La chronicisation des maladies et la nécessité de fluidifier les relations entre l’hôpital et la ville dans la coordination autour du patient s’accommodent mal d’un exercice annuel de financement de la santé par le biais des projets de loi de financement de la sécurité sociale (PLFSS).Cette gestion comptable à courte vue n’offre pas une visibilité suffisante pour réadapter notre modèle de santé.
Les politiques de prévention et de santé publique ne sont pas assez développées ou ont été abandonnées, c’est notamment le cas de la médecine scolaire. Plusieurs niveaux d’information doivent être assurés :
— une information sur l’organisation du système de soins en France ;
— l’éducation à la santé à promouvoir dans le cadre de l’enseignement scolaire
— la prévention et sensibilisation tout au long de la vie
— le dépistage qui tout en relevant de l’action médicale ne doit pas être inconnu du public.

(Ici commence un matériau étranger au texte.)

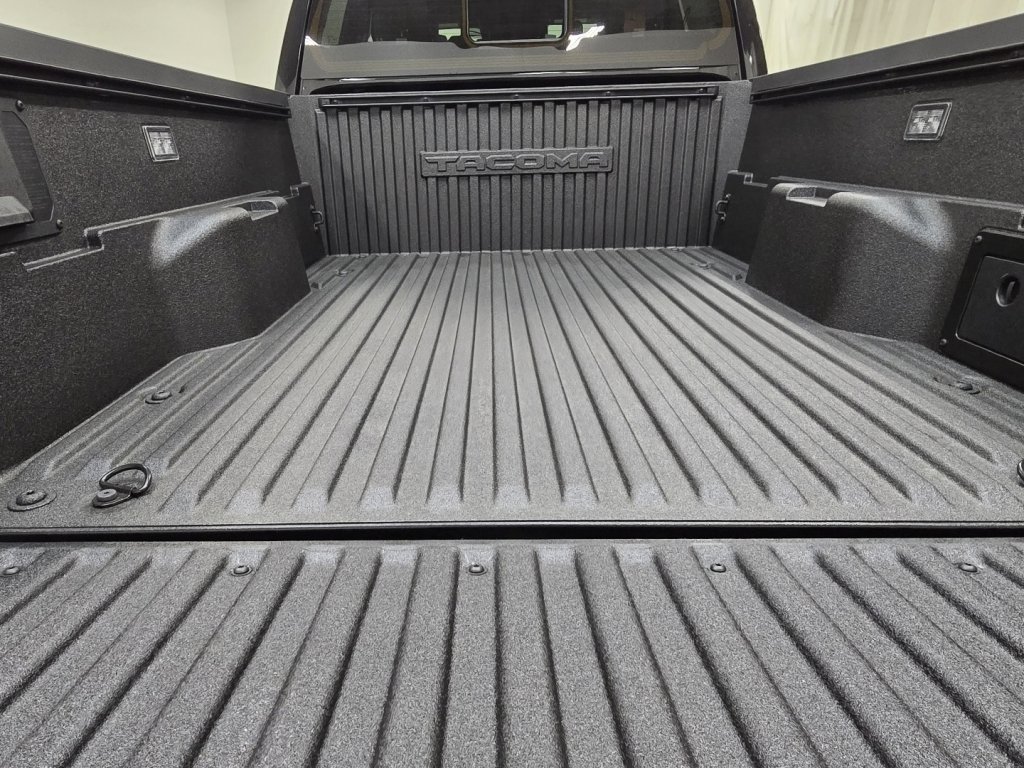 New 2026 Toyota Tacoma SR5 image 21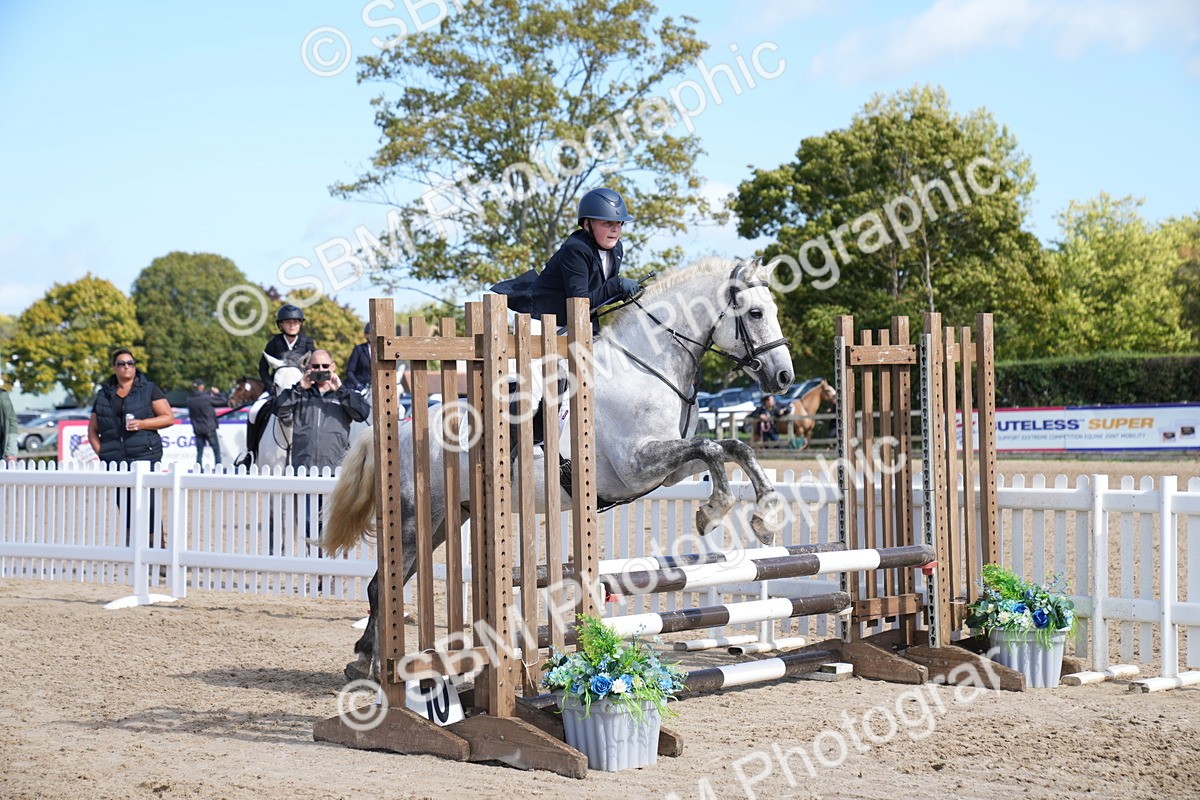 SBM_05904 - J56 - Clear Round 70cm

Il convient également de mettre en œuvre un parcours de prévention et de dépistage de la naissance à la fin de vie pour tous. La médecine scolaire laissé pour compte ces dernières années doit être réinvestit. Elle doit redevenir un acteur institutionnel de premier plan afin d’assurer des missions de prévention, d’information, d’éducation. Une politique de prévention efficace doit aussi s’évaluer pour être efficace et ne pas renforcer les inégalités de santé. Il faut aller vers les populations précaires, là où réside une méconnaissance de l’information et une exposition plus grandes aux facteurs de maladies chroniques.
Repolitiser les questions de santé
Cette politique ambitieuse de prévention nécessite de s’attaquer une bonne fois pour toutes « aux rentes de situation de certains acteurs », notamment celle du lobby du tabac mais également de industrie agroalimentaire. Pour gérer le flux des malades chroniques, Fréderic Bizard, économiste de la santé appelle à agir sur les « déterminants sociaux » et « le maintien en bonne santé ».
Faire de la prévention le nouveau socle de la politique de santé nécessite d’aborder ces questions de manière transversale, à ce titre, le future projet de loi santé instaure un comité interministériel pour la santé, celui-ci ne doit toutefois pas devenir « une coquille vide » mais une véritable instance d’impulsion des politiques publiques qui irait du péage urbain aux campagnes en faveur des activités sportives intégrant les questions de santé de l’homme , de son environnement , y compris au travail, et des politiques urbaines (logements, transports).
Tout ceci implique de penser la santé en dehors du carcan législatif, il faut sortir du « fetichisme de la loi » Claude Le Pen et repolitiser la santé : celle-ci n’est pas qu’une affaire de gestion administrative (Frédéric Bizard).